HOW TO WIN FRIENDS AND DESTROY RECORDS. I just sort of assumed that Melvin Gordon's record-setting day against Nebraska involved a demolitions expert, a supremely confident con man, one of the world's best hackers, a pickpocket who's also an art history professor, and a getaway driver. But that's why we have Ian Boyd, who can give you the actual explanation. (I do think the pickpocket is probably involved.)
THE PAWWWWWWWL-KNOWING. Finebaum says he has the short list Florida's using to find the next head coach, and, of the four names on it, two have publicly stated they're not interested, one makes over six million dollars a year in the NFL, and the last is widely regarded to have a bad relationship with Florida's AD. Paul Finebaum Industries: You Don't Have To Be Right, You Just Have To Be Interesting.
WELL NOW YOU TELL HIM. There's an uncomfortable amount of truth to Faux Pelini's guide on how to not get fired as a college football head coach. Lane Kiffin was terrible at pretty much every one of these at USC, and that's why he got left in an airport parking lot. Never forget: Alabama's offensive coordinator was thrown away in an airport parking lot like a Diet Sunkist you can't bring on the plane.

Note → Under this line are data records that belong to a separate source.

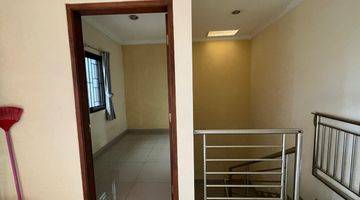 Gambar 2 Rumah Di Sewakan Full Furnish 2½ Lt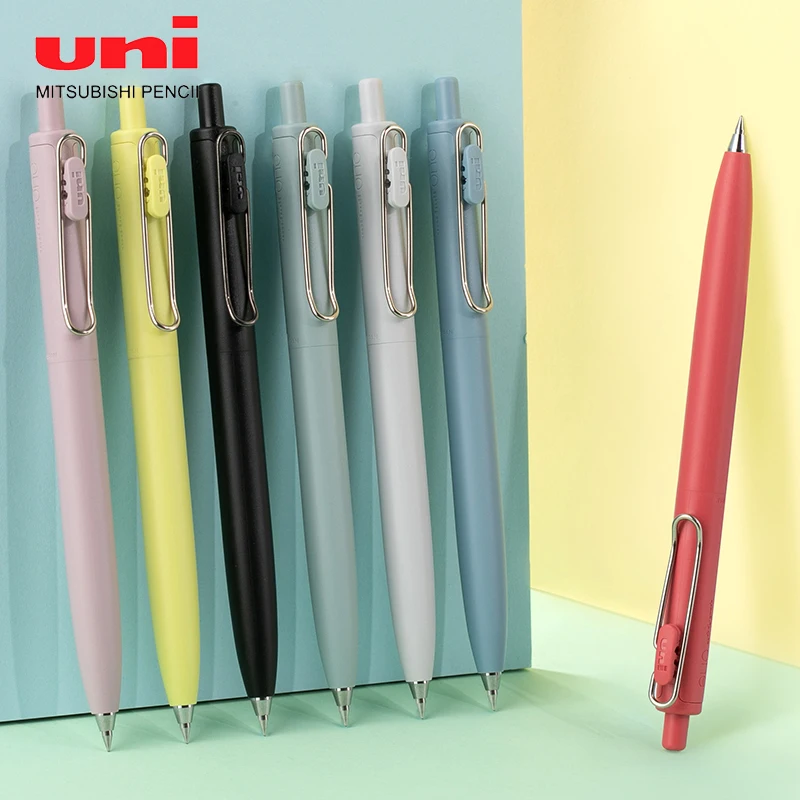 

UNI Limited компактная гелевая ручка с толстым сердечником второго поколения UMN-SF-38/05 0,5/0,38 мм плавное письмо низкий центр тяжести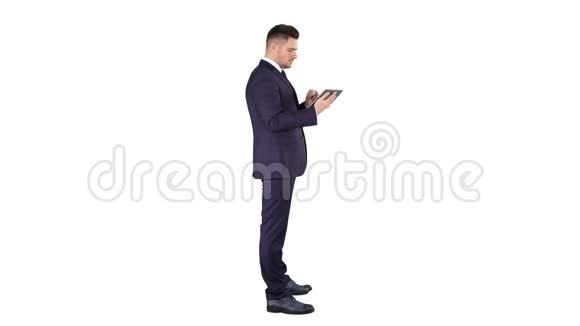 聪明的高级商人在白色背景上使用技术平板电脑视频的预览图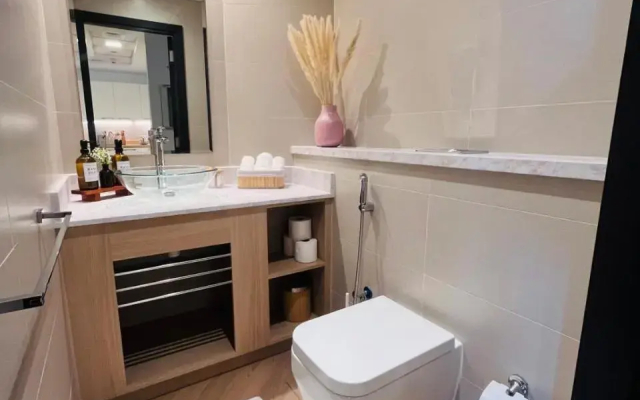 The Smart Concierge - Cayan tower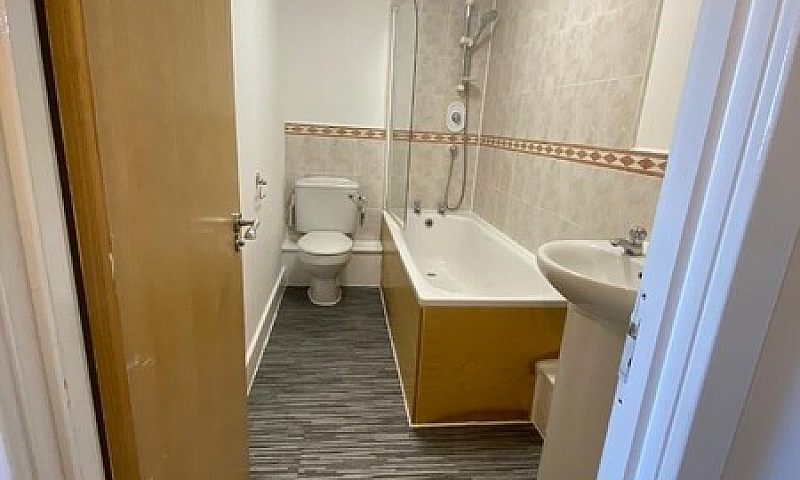 Beautiful 2 Bed Flat...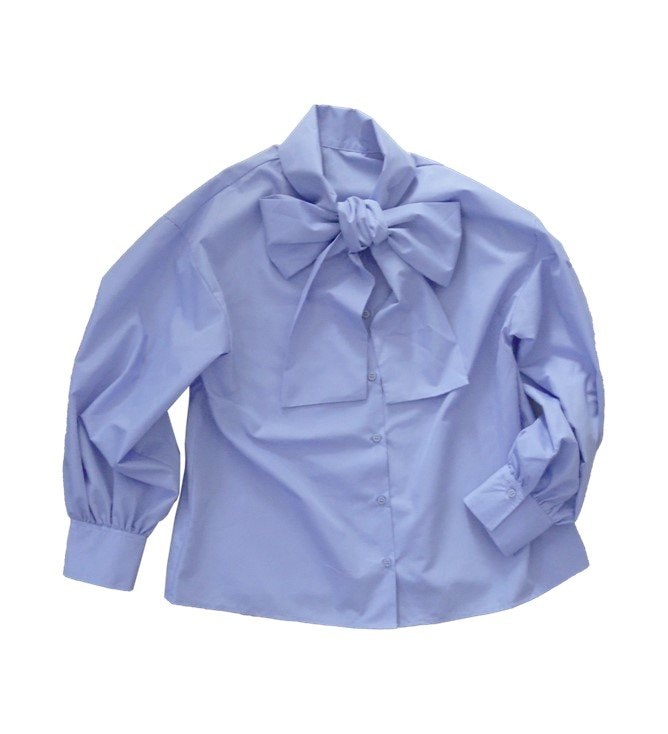 ブルーリボンシャツ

PREPARE FOR AN OFFSEASON OF THIS. In theory, it is a good thing that Ohio State has two excellent options at quarterback. In practice, we are going to get five straight months of "I heard Braxton Miller's really interested in the graduate programs at Louisville and I saw him walking out of a Papa John's the other day so yeah it's basically a done deal."
THE ART OF MICHIGAN BONSAI TRIMMING. Lloyd Carr kept his coaching tree small, and not very good, and my god Ron English is really one of the best names on here isn't he?
ETC. Good: this video, whatever it is. Bad: SEALS ARE FUCKING PENGUINS AND THEN EATING THEM AFTERWARDS WHAT THE HELL.